Holy company is an important discipline for the pupil. It is very effective in conquering nature and habit. Hence is it laid down by the holy Saints as binding upon a disciple. The rationale of it is this. The desire-nature consists of certain ingrained tendencies, and is affected by the ten­dencies of one’s associates. The Prophet says: “Men follow the religion of their friends, so they should always be careful of their company??” …

It is said that a man, while going round Kâbâ, prayed: “Lord, make my brothers virtuous.” Others asked him, “Why dost thou pray for thy brothers at this sacred spot, and not for thyself?” He replied: “I have brothers who, when I return to them, will elevate me by their virtues if they are virtuous, and degrade me by their vices if they are vicious. As my righteousness rests on theirs, I pray for them, that they may help me in reach­ing the Goal.”

Malik (Peace on Him!) says: “Do not asso­ciate with a brother or a friend, unless you would thereby advance the cause of Religion. To asso­ciate with any other object is absolutely forbidden.” Explanation: If you associate with a superior, he will benefit you by his presence; if you associate with an inferior, you should benefit him by teach­ing him religion and morality, and yourself too by learning something useful he may know.

Company is to be sought for the sake of the Lord, not for selfish gratification.

Nothing is more dangerous for a beginner than loneliness. A story runs thus. There was a dis­ciple of Master Junnaid who fancied he had made great progress and could not be harmed by isola­tion. So he took to seclusion. Nightly, a proces­sion appeared before him with a horse for him to ride, and he was requested to ride up to heaven,—a delightful place with sweet dishes, running brooks and fair company—where he enjoyed himself till morn, and slept. On awakening, he would find himself at the door of his hermitage. He turned proud and boastful. On hearing the report, the Master came to him, asked him and was told what had happened, and advised him to repeat three times when he went to the pleasure-haunt: “There is nothing to be relied upon save God, and there is no power except His.” He refused to act up to the advice for a few nights more. At last he wished to test the efficiency of the Master’s lesson and repeated the sentence as advised. The whole procession fell into confusion and scattered, and he found himself in a cemetery with the bones of the dead around him. Then he came to realise his guilt, repented, and returned to the company of his fellow-disciples.

The rule of society is to behave with each according to his position in life. With reference to elders, to serve them; not to speak before them save when necessary, and then only with their per­mission, and after they have finished if they are speaking; not to sit on an elevated seat in their presence. With reference to equals, to live in har­mony, and to share one’s wealth with them (not as a loan, but as a free gift).

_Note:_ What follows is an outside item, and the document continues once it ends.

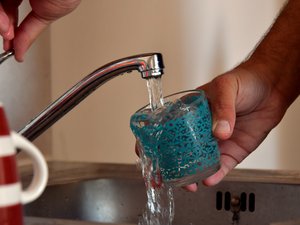 Contaminación por contaminantes eternos: varios municipios tienen prohibido consumir agua
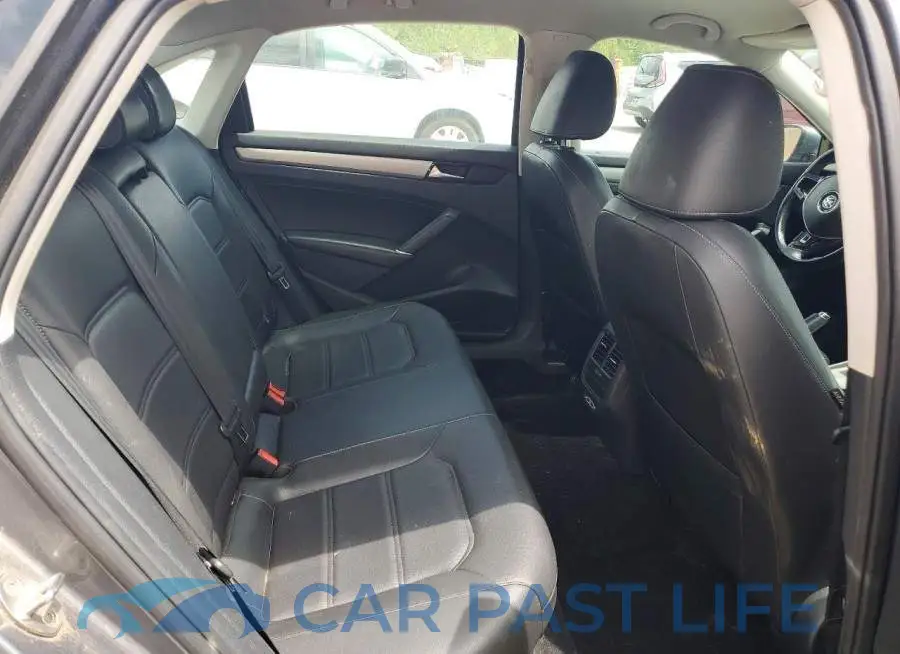 1VWSA7A33LC007810# 10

With reference to the young, to treat them with love and kindness.

General: Elders to be treated as one’s own parents, equals as one’s own brothers, the younger ones as one’s own children. None to be asked for anything, but each to be helped. Life to be ren­dered agreeable to all. Not to oppose others except at the call of religious duty. To associate with those strong in religion, integrity and moderation. Not to mix with those opposed in religion and temperament. To avoid the company of a youth. (The desire in the young for the com­pany of their elders aids the development of their intelligence and knowledge. The desire in elders for the company of youths leads to sin and folly) . . . .

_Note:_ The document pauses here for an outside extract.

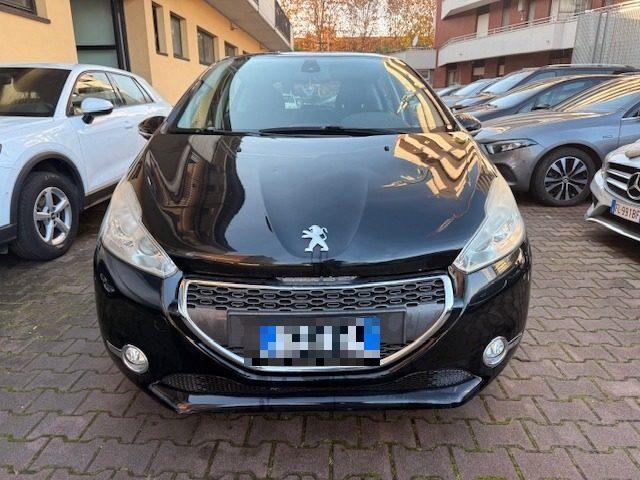 PEUGEOT 208 1.4 8V HDi 68CV 5p. Allure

Sûfîs, when conversing with one another, never say, “This is mine,” “That is thine”; “I wish it were so,” “I wish it were not so”. It is the ver­dict of the Masters of Knowledge that God does not approve of the use of words denoting I-ness.

If thou wouldst know the Unknown, taste the nectar of Grace and transcend the seven heavens, then close the five senses, and pass from the perishable to the Imperishable. They asked Master Shiblî, “Who is a Knower, and how is he to be distinguished?” He said, “He is deaf, dumb and blind.” They replied, “These are the marks of an unbeliever.” He rejoined: “The unbeliever is deaf to the voice of truth, dumb for the utterance of truth, and blind to the vision of truth; whereas the Knower is deaf, dumb and blind to all save Truth.” —Letter 70.